Required work
If a record holds a picture, omit that picture and copy everything else exactly.

(Beginning of Data for analysis)

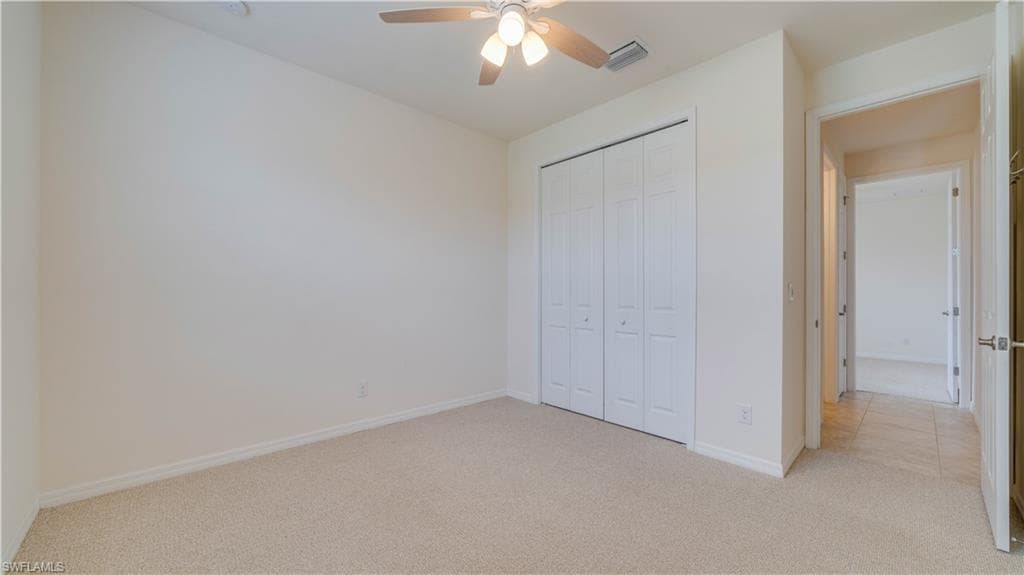 3036 Sunset Pointe CIR-15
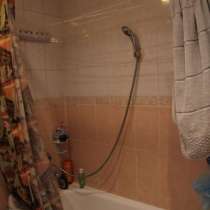 Сдам уютную однокомнатную квартиру, в Первоуральске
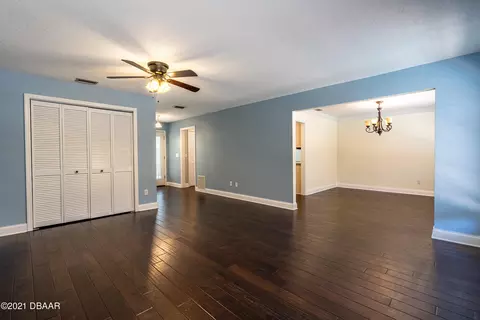 9 Nottingham Dr, Ormond Beach, FL 32174 photo 15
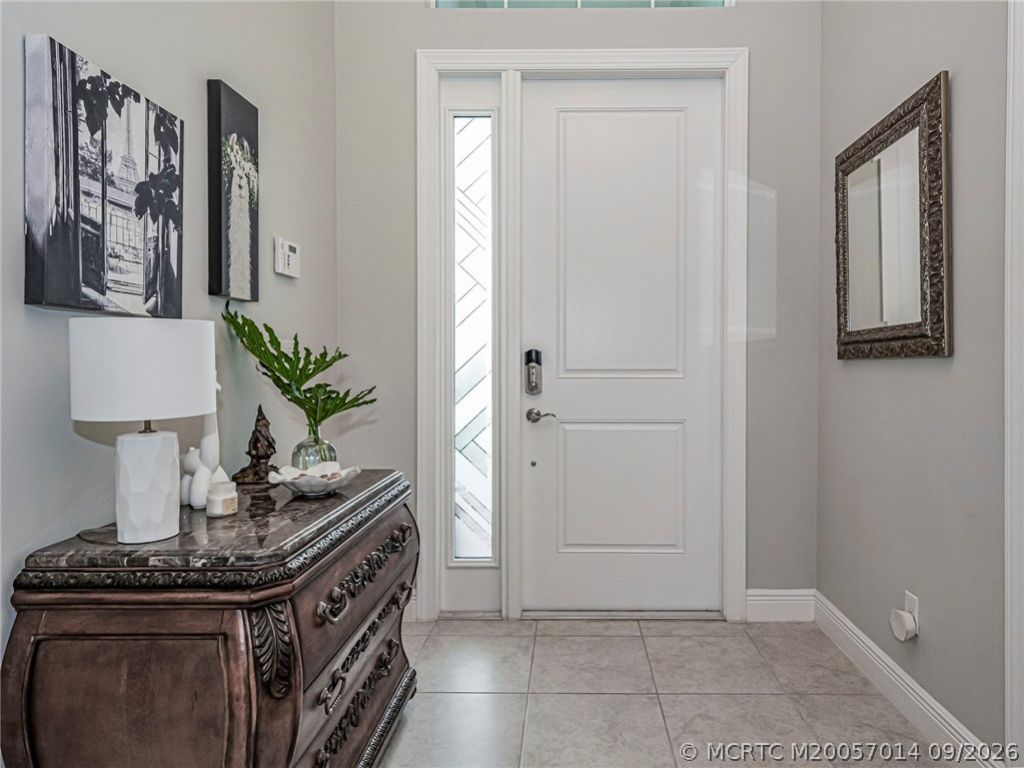12609 SW Sunrise Lake Terrace, Port Saint Lucie, FL 34987 Photo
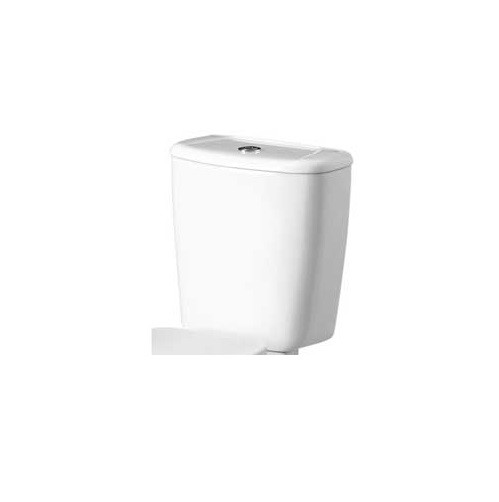 TANQUE NILA/LIZZ A/S BLANCO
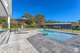 Photo - 18 Eucalyptus Drive, One Mile NSW 2316 - Image 5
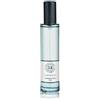SHAY & BLUE Dandelion Fig Natural Spray Fragrance Eau de Parfum 30 ml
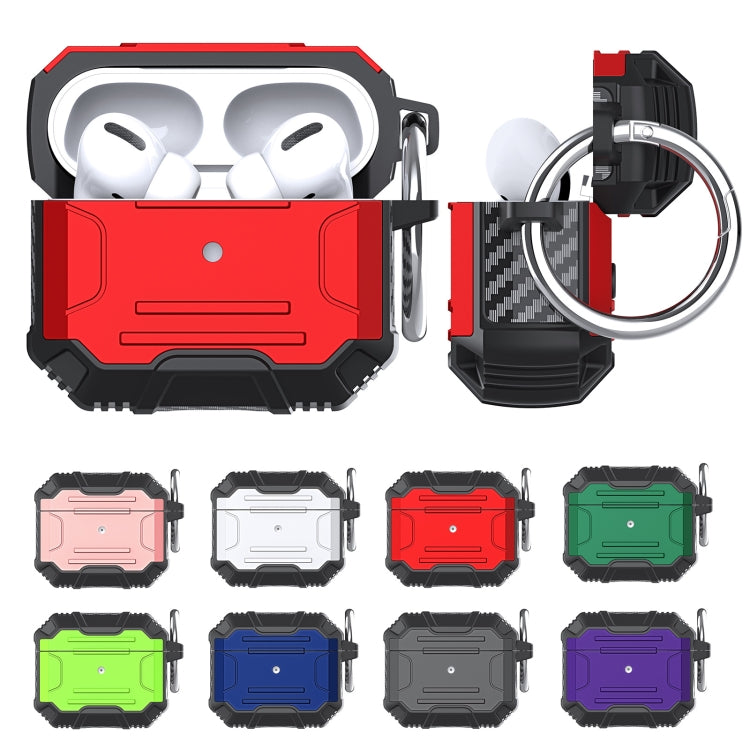 EDA007383601_B1.jpg@6e9ed9ec25d75c4dafce63fc8f4825a2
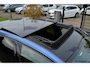 Volkswagen Polo 1.0 TSI Highline 2x R-line|Panaroma|Camera|PDC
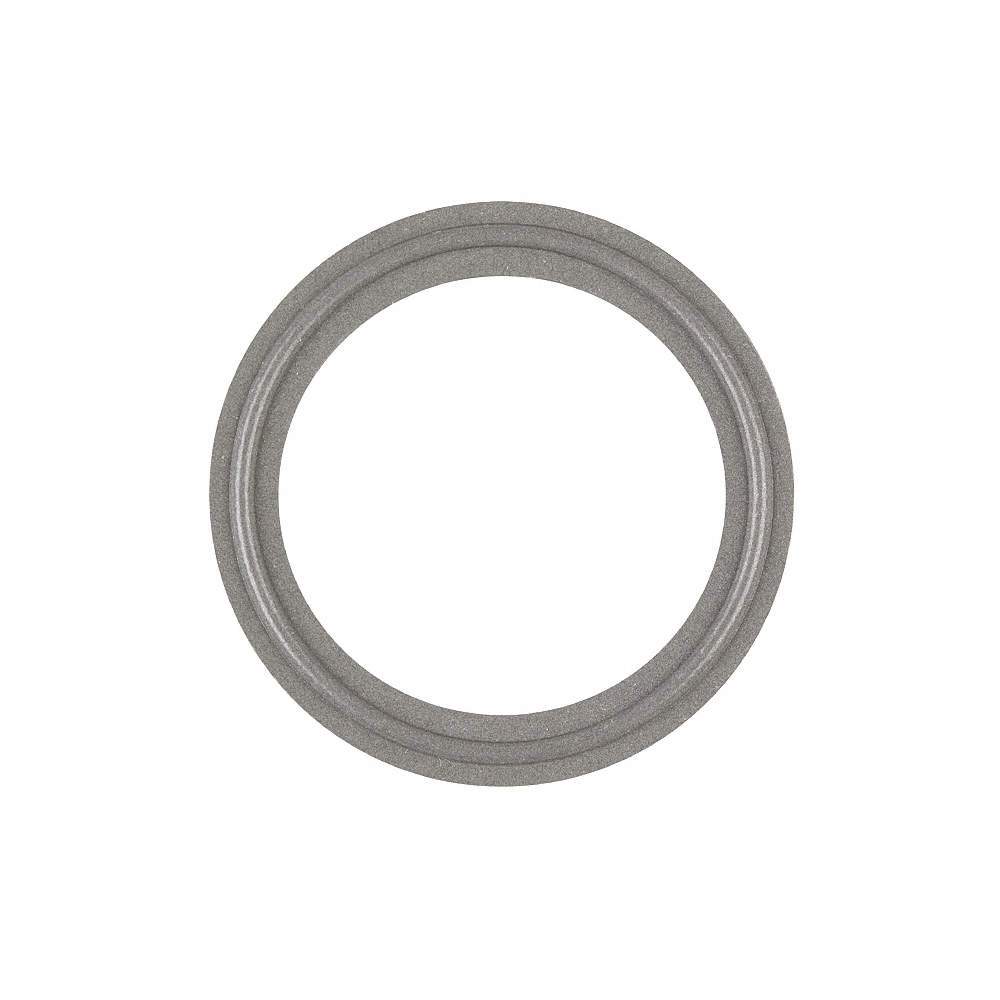Rubber Fab, Rubber Fab Tuf-Steel 316L Tri-Clamp Style Gaskets Type I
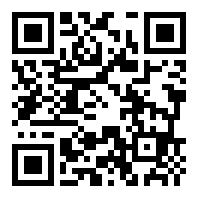 Ukrabet 420 Bahis Hakkında Bilgi - Ukrabet - Ukrabet 420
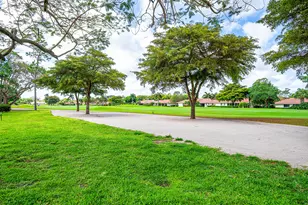 4116 N Quail Ridge Dr, Boynton Beach, FL 33436 - Photo 36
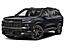 2025 Chevrolet Traverse RS  TX
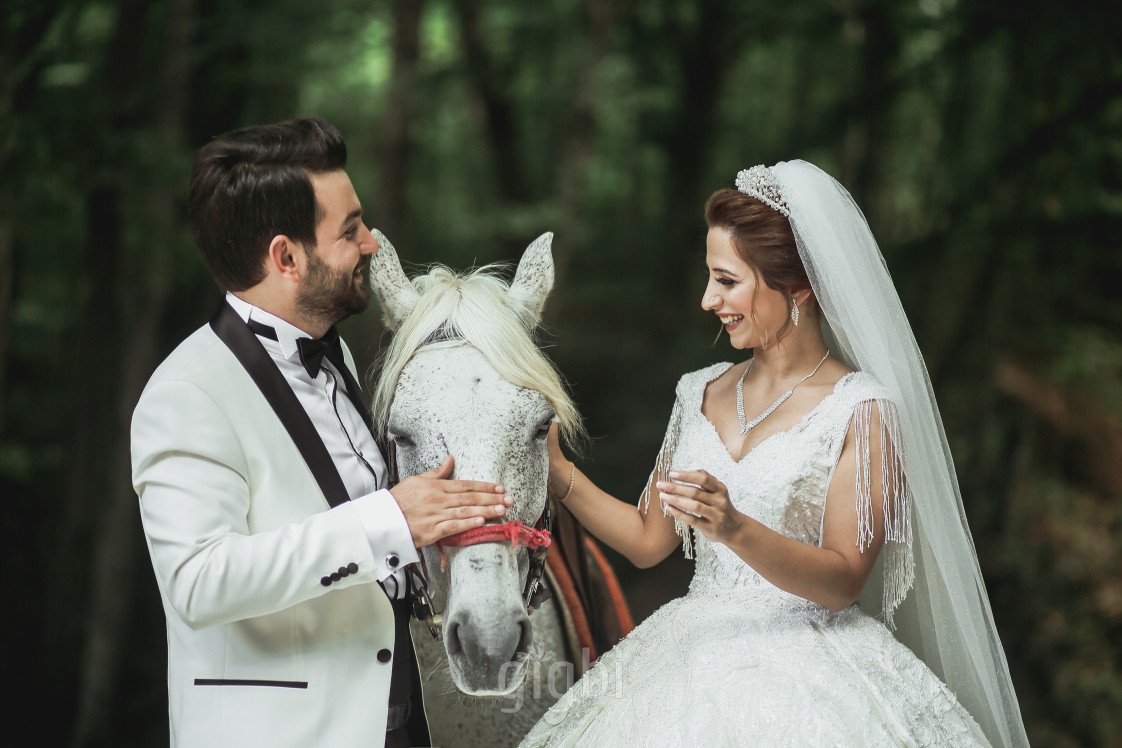 Simge Fotoğrafçılık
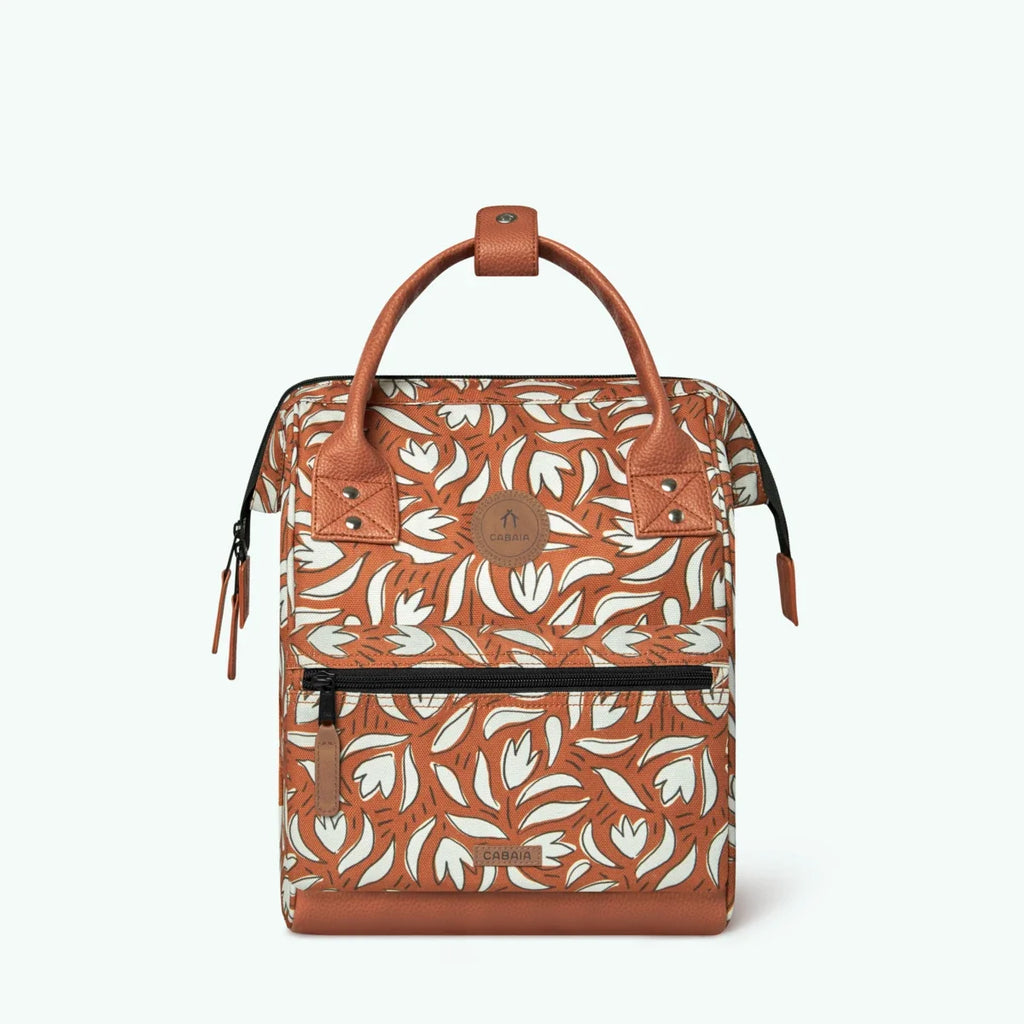 Sac à dos Adventurer Small Sumatra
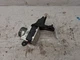 Anti-Lock Brake Part Assembly Fits 20-22 EQUINOX 3140420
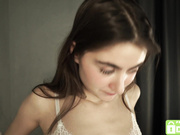 tessarosse_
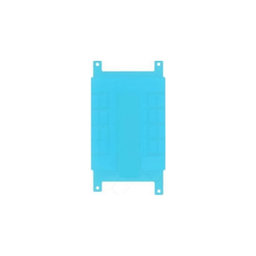 Samsung Galaxy A36 A366E - Lepka pod Baterii Adhesive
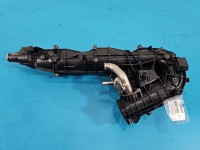 Kolektor ssący BMW X6 E71 3.0d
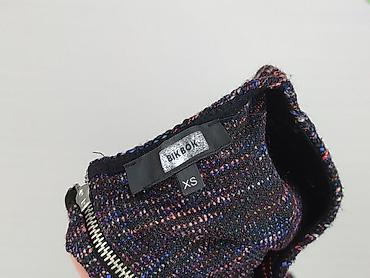 peek: Bik Bok, Bluzka damska, rozmiar XS — 5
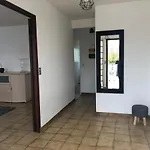 110m2 A 2 Km De La De St Georges De Didonne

(End of Data for analysis)

Solution to the problem
 3036 Sunset Pointe CIR-15
 Сдам уютную однокомнатную квартиру, в Первоуральске
 9 Nottingham Dr, Ormond Beach, FL 32174 photo 15
12609 SW Sunrise Lake Terrace, Port Saint Lucie, FL 34987 Photo
 TANQUE NILA/LIZZ A/S BLANCO
 Photo - 18 Eucalyptus Drive, One Mile NSW 2316 - Image 5
SHAY & BLUE Dandelion Fig Natural Spray Fragrance Eau de Parfum 30 ml
 EDA007383601_B1.jpg@6e9ed9ec25d75c4dafce63fc8f4825a2
 Volkswagen Polo 1.0 TSI Highline 2x R-line|Panaroma|Camera|PDC
Rubber Fab, Rubber Fab Tuf-Steel 316L Tri-Clamp Style Gaskets Type I
 Ukrabet 420 Bahis Hakkında Bilgi - Ukrabet - Ukrabet 420
 4116 N Quail Ridge Dr, Boynton Beach, FL 33436 - Photo 36
 2025 Chevrolet Traverse RS  TX
 Simge Fotoğrafçılık
 Sac à dos Adventurer Small Sumatra
 Anti-Lock Brake Part Assembly Fits 20-22 EQUINOX 3140420
 tessarosse_
 Samsung Galaxy A36 A366E - Lepka pod Baterii Adhesive
 Kolektor ssący BMW X6 E71 3.0d
 peek: Bik Bok, Bluzka damska, rozmiar XS — 5
 110m2 A 2 Km De La De St Georges De Didonne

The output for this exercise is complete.